Fight for estate agent licensing ends in defeat

The Property Standards Board, set up to promote and help establish the mandatory licensing of all estate and letting agents, has folded…

Five months after the general election, it has thrown in the towel after acknowledging that licensing is no longer on the political agenda – as was repeatedly made plain by Grant Shapps, now housing minister, when in opposition.

The board was a cross-industry initiative set up jointly by RICS and NFoPP in response to Sir Brian Carsberg's Review of Residential Property, published in June 2008.

The Property Standards Board proposals revolved around a requirement that it wanted the Government to enforce, namely that all sales and letting agents should have to be licensed.

The board proposed setting up a single regulatory vehicle for the residential property industry, which would have run in tandem with a register of private landlords – another initiative discarded by the new Government.

The proposed licensing body would have ‘over-arched' the existing bodies, including NAEA, ARLA and RICS. These would have been effectively responsible for carrying out the licensing.

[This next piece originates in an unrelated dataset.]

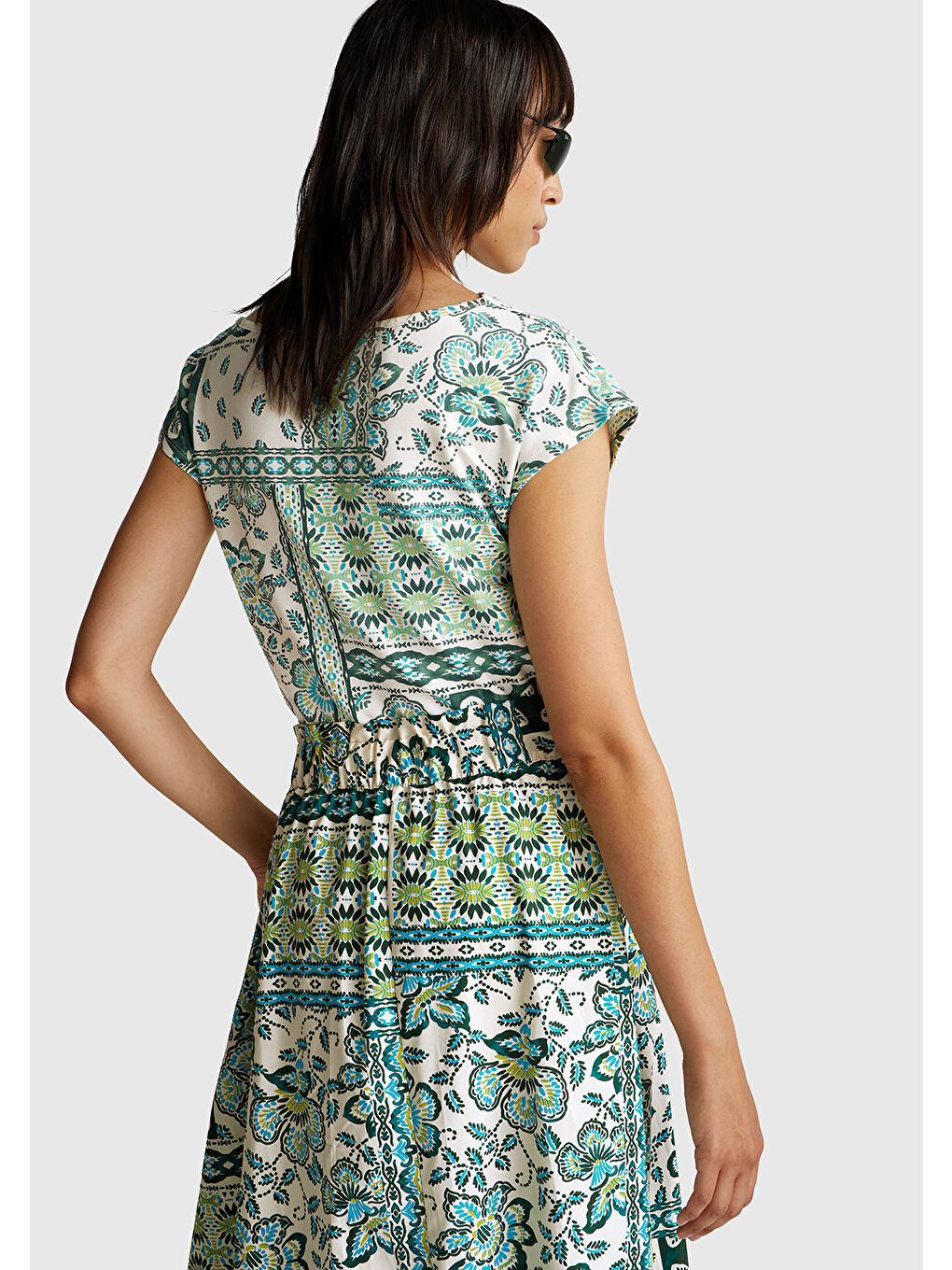 Kadın Açık Yeşil Desenli Kolsuz T-Shirt-2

Minimum standards for a licence to be granted were proposed, with an appeals system if licences were refused or withdrawn.

The PSB itself would have overseen the compilation and maintenance of the  directory of all sales and lettings agents.

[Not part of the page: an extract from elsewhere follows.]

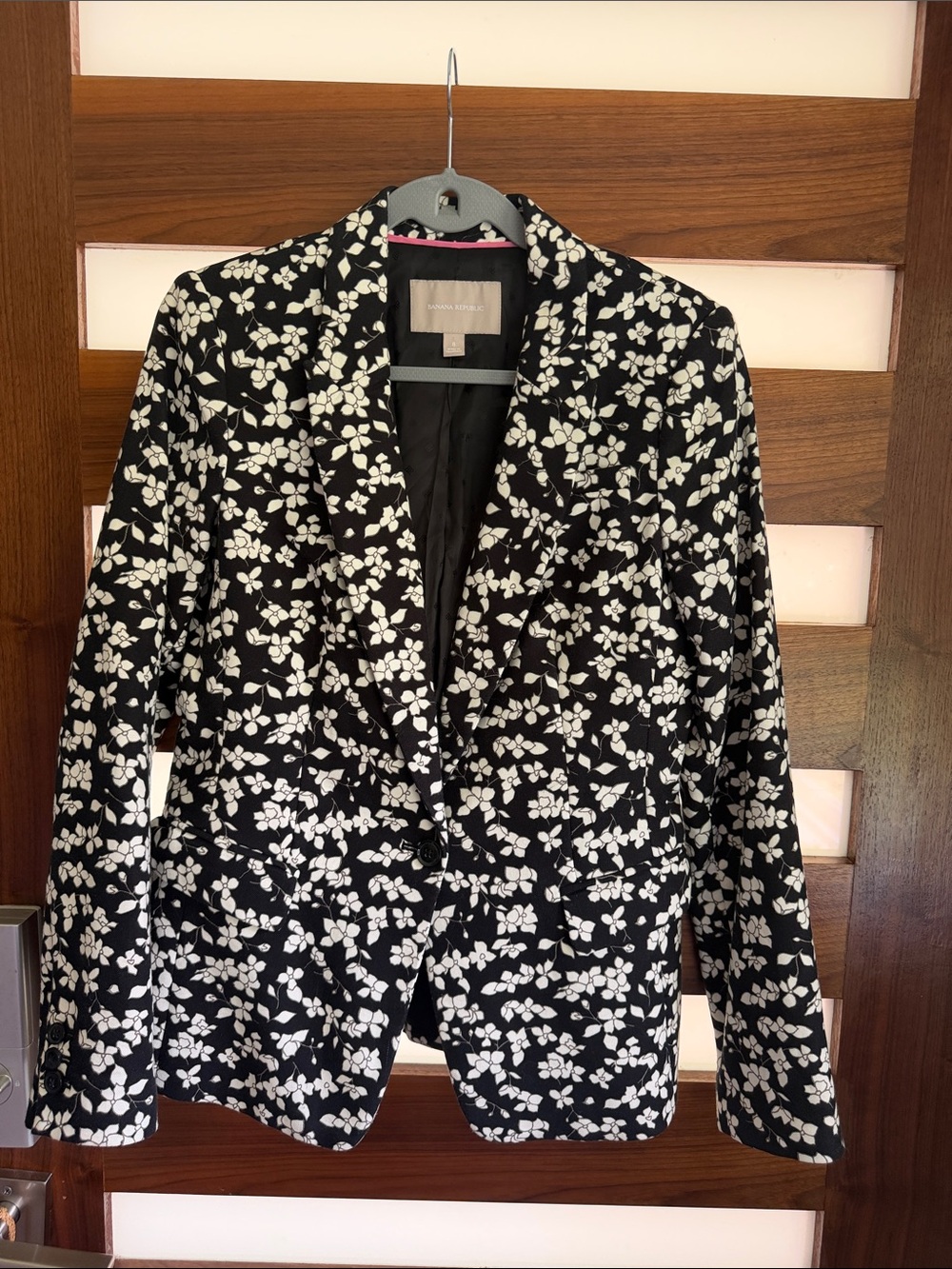 Banana Republic Black and White Floral Blazer- 8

The board did get as far as producing a consumers' charter.

It had members on it representing the NAEA, ARLA, NFoPP, RICS, Trading Standards and Solicitors Regulation Authority. Also on it was Bill McClintock, of the Property Ombudsman Scheme, who has also been trying to get his own Register of Property Agents off the ground.

The Property Standards Board was chaired by Baroness Hayter of Kentish Town, a former chief executive of the European Labour Party. She admitted that until chairing the board, she had not realised that estate agents act for the seller, not buyer.

This week, she said: "I am naturally extremely disappointed that we were unable to bring the residential property sector together to raise standards and improve consumer protection throughout this vitally important sector, which involves one of the most important transactions in people's lives – the securing of a home.

"I strongly believe that consumers need to have confidence in the professionalism and integrity of agents, and this can only be achieved by the adoption of and compliance with effective standards, and the proper monitoring and enforcement of that compliance.

"Although the Board has established a consumer charter, users will only have confidence in it if the industry – with some independent and consumer oversight [supervision] – ensures those who claim to adhere to the charter are monitored, insured and subject to discipline should they fail to comply. 

"Whilst it has not been possible without legislation to take the agreed consumer charter to the next stage, the outgoing Property Standards Board hopes that the individual parts of the industry – and particularly those who have not voluntarily joined a professional body – will move quickly towards adopting the charter and monitoring compliance, so that consumers can have confidence in all their dealings during this complex and often stressful process."



Baroness Hayter, who is also Chair of the Legal Services Board Consumer Panel, said she would continue to champion consumer rights in the House of Lords, and – along with the professional bodies which established the Board – press for the effective regulation of residential agents "to protect buyers, sellers, landlords and tenants from detriment arising from the actions of the unscrupulous minority in the sector".